What you will do:
Restate the listing below word for word, and leave its pictures behind.

Stored data:
────

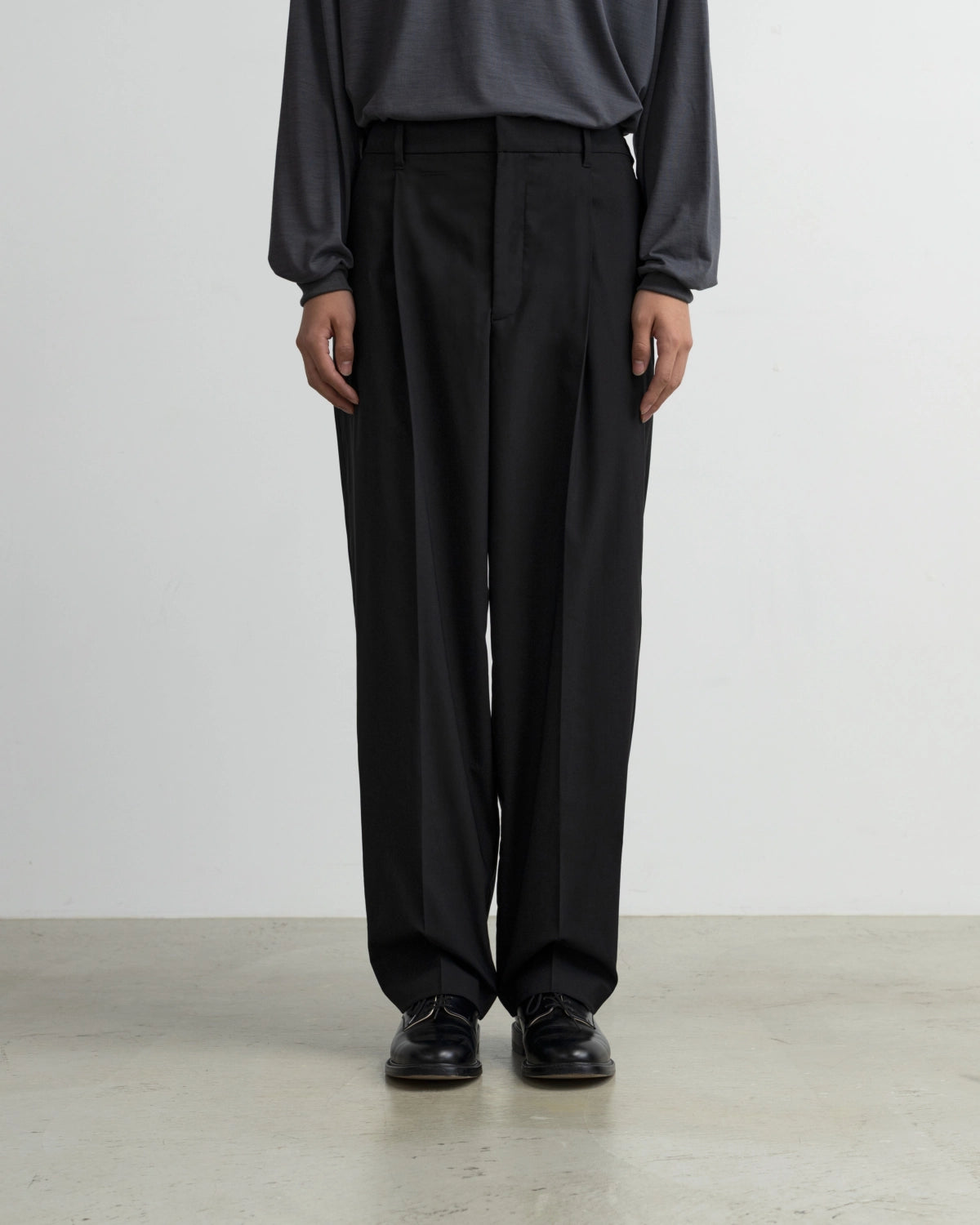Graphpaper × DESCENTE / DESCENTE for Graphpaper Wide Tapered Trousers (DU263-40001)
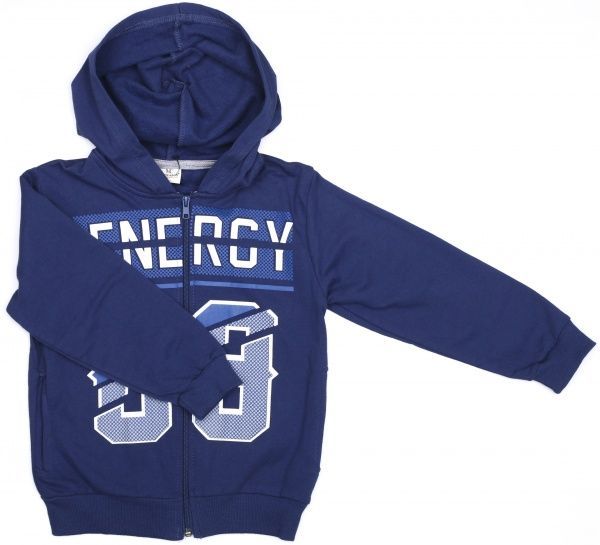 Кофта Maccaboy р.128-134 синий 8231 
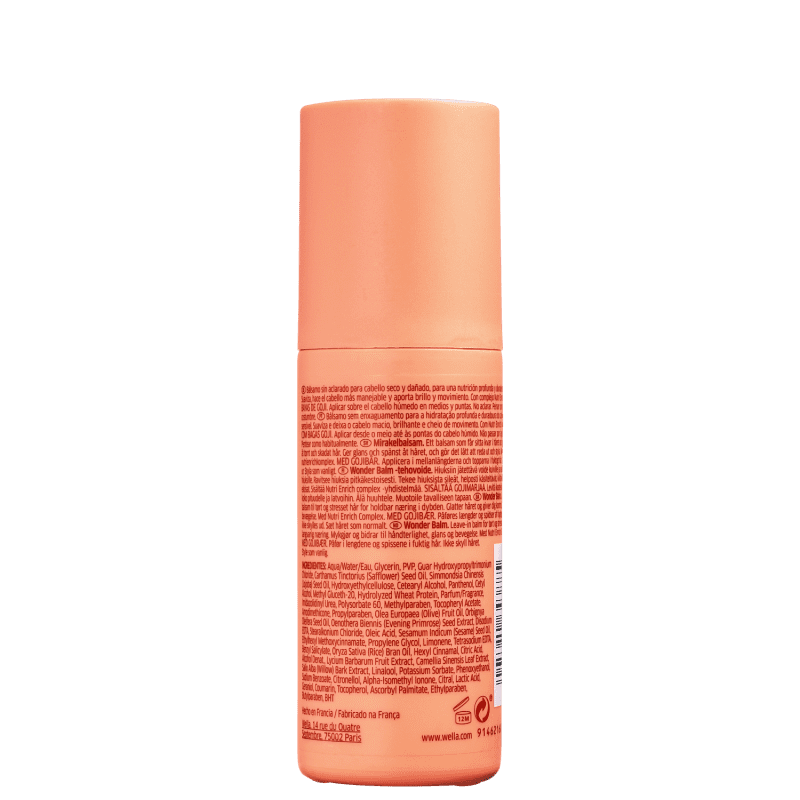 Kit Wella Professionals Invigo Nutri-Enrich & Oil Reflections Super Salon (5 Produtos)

────

Task response:
Graphpaper × DESCENTE / DESCENTE for Graphpaper Wide Tapered Trousers (DU263-40001)
 Кофта Maccaboy р.128-134 синий 8231 
 Kit Wella Professionals Invigo Nutri-Enrich & Oil Reflections Super Salon (5 Produtos)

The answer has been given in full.